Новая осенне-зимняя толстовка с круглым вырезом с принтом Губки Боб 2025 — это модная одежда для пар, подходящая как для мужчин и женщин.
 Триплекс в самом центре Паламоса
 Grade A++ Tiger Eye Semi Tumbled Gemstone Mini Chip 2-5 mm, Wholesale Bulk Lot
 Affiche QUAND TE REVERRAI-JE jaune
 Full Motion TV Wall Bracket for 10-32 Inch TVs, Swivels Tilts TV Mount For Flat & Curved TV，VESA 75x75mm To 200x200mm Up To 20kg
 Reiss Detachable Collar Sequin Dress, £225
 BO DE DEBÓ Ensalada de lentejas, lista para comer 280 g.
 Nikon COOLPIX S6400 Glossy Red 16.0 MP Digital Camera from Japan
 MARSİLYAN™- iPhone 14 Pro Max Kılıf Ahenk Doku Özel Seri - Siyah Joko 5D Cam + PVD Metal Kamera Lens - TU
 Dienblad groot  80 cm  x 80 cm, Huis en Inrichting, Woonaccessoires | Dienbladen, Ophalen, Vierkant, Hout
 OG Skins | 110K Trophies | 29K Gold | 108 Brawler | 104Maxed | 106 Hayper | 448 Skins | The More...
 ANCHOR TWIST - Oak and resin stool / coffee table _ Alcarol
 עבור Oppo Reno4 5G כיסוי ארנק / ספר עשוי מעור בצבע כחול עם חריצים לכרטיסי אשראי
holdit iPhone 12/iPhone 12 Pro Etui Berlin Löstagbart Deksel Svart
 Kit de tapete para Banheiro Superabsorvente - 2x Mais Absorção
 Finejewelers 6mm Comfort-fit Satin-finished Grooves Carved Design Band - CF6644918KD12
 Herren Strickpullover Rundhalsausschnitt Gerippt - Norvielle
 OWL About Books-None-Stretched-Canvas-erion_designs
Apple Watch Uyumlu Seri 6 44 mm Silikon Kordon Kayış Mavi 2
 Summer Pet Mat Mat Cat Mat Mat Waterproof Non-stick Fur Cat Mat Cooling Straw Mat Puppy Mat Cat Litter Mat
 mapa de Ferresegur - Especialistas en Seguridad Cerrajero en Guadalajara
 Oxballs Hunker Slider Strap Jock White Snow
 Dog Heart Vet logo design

:::

§ **BRIEF**:
Every line above from the line with "Reiss Detachable Collar Sequin Dress, £225" to the line with "Summer Pet Mat" is wanted, ends included; write them out exactly and add no other line.

§ **SOLVED PROBLEM**:
 Reiss Detachable Collar Sequin Dress, £225
 BO DE DEBÓ Ensalada de lentejas, lista para comer 280 g.
 Nikon COOLPIX S6400 Glossy Red 16.0 MP Digital Camera from Japan
 MARSİLYAN™- iPhone 14 Pro Max Kılıf Ahenk Doku Özel Seri - Siyah Joko 5D Cam + PVD Metal Kamera Lens - TU
 Dienblad groot  80 cm  x 80 cm, Huis en Inrichting, Woonaccessoires | Dienbladen, Ophalen, Vierkant, Hout
 OG Skins | 110K Trophies | 29K Gold | 108 Brawler | 104Maxed | 106 Hayper | 448 Skins | The More...
 ANCHOR TWIST - Oak and resin stool / coffee table _ Alcarol
 עבור Oppo Reno4 5G כיסוי ארנק / ספר עשוי מעור בצבע כחול עם חריצים לכרטיסי אשראי
holdit iPhone 12/iPhone 12 Pro Etui Berlin Löstagbart Deksel Svart
 Kit de tapete para Banheiro Superabsorvente - 2x Mais Absorção
 Finejewelers 6mm Comfort-fit Satin-finished Grooves Carved Design Band - CF6644918KD12
 Herren Strickpullover Rundhalsausschnitt Gerippt - Norvielle
 OWL About Books-None-Stretched-Canvas-erion_designs
Apple Watch Uyumlu Seri 6 44 mm Silikon Kordon Kayış Mavi 2
 Summer Pet Mat Mat Cat Mat Mat Waterproof Non-stick Fur Cat Mat Cooling Straw Mat Puppy Mat Cat Litter Mat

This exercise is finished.